The data is currently hosted in a sqlite database with datasette here.
A huge challenge of getting data from NYSCEF is that in order to aggregate all data on a certain case type over a time period, you must use the "Case Search" option. This allows you to search by Court
and a specific Date
. Once you have all the cases that were submitted to that court on that date, you must look through the entire list and only look for things under your subject. If anyone has a better way to search through this, please let me know.
Then, there is the issue that all use of "Case Search" is protected by captcha. With a little testing it seemed like the session cookie, JSESSIONID
, associated with the captcha limited requests with the session id to less than 100. I chose 60 just to be safe. This means that after 60 requests you must input a new JESSSIONID
for the script to work.
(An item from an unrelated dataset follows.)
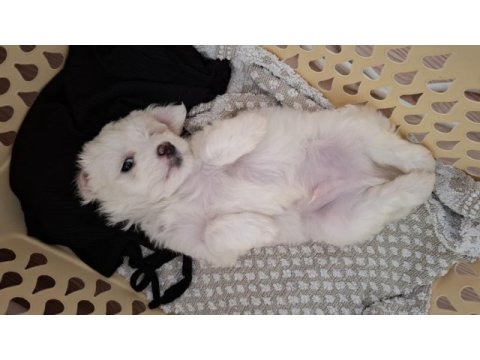 2 aylık sevimli kartopu maltipoo oğlum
I've sat for a while inputting new ids from fresh, captcha'd sessions into the script.
However, if you have a set of docket ids, there is no captcha requirement for going directly to the docket ids case information, so the other scripts run much faster.
The first step to using the docket_id_fetcher.py
script is going to https://iapps.courts.state.ny.us/nyscef/CaseSearch?TAB=courtDateRange
and passing the captcha test. Then, inspect the cookie and grab the JSESSIONID
cookie. You need this to run the script and for every subsequent 60 queries.
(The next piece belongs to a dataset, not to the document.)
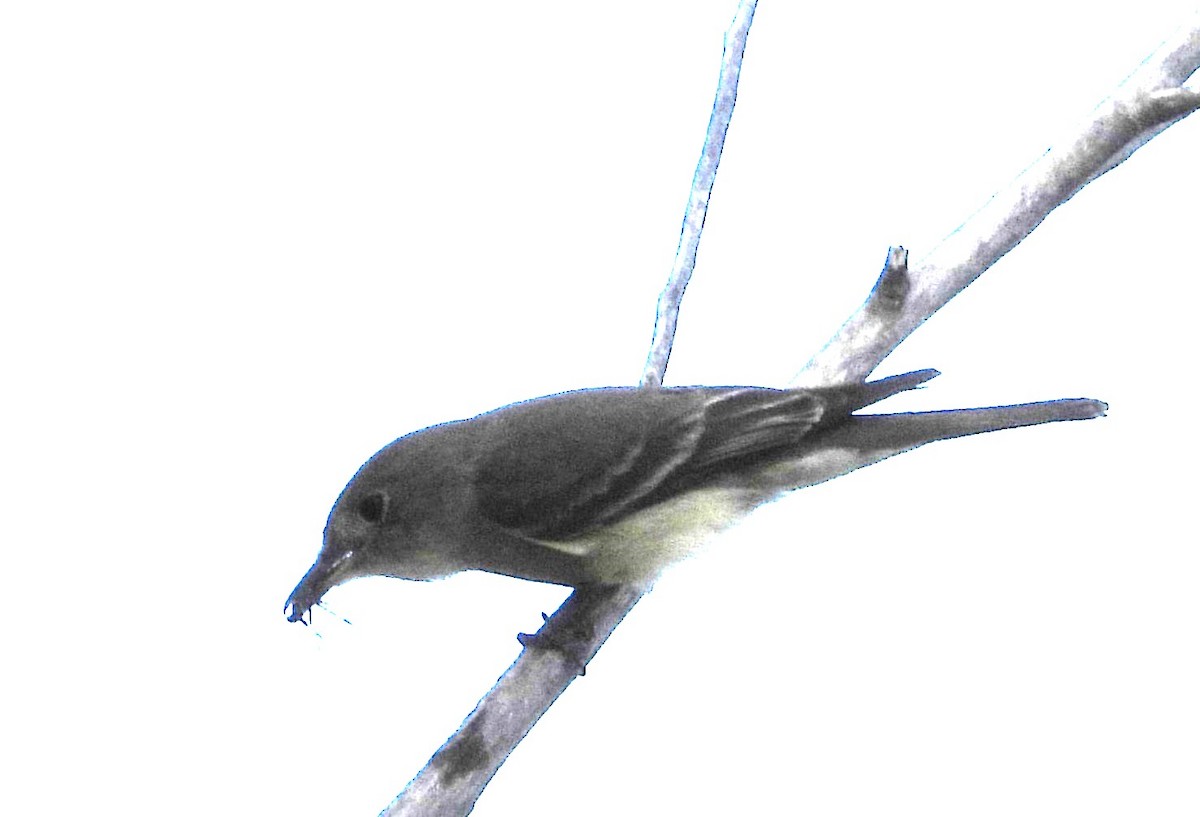 Willow Flycatcher - ML639081494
There are also some required argument for the script to run:
argument | required | description |
---|---|---|
start-date | true | the start date of your search window |
session-id | true | the JSESSIONID generated by completing captcha test |
case-type | true | the case type you are looking to aggregate, default: no type |
end-date | false | the end date of your search window, default: today |
court | false | the court you want to search, default: all courts |
output | false | the file you want to output your ids to |
Here is an example of the script running I used for the Child Victim's Act:
python3 docket_id_fetcher.py --start-date "08/14/2019" --case-type "Torts - Child Victims Act" --session-id "37B5BE431C206047654303BE1BE00F70.server2037" --ouput "ids.txt"
Note that you will need to look at the exact language used by NYSCEF for the type
.
If you have a list of all docket ids you want to inspect, you can then use a script to generate data about the cases themselves.
All you need to do is either pass a list of docket ids like so:
python3 case_data_fetcher.py --docket-ids "123,456"
or a file of the docket ids like this:
python3 case_data_fetcher.py --docket-ids-file "ids.txt"
It will spit out a json file with formatting that captures all the metadata for the docket and saves it in an output file.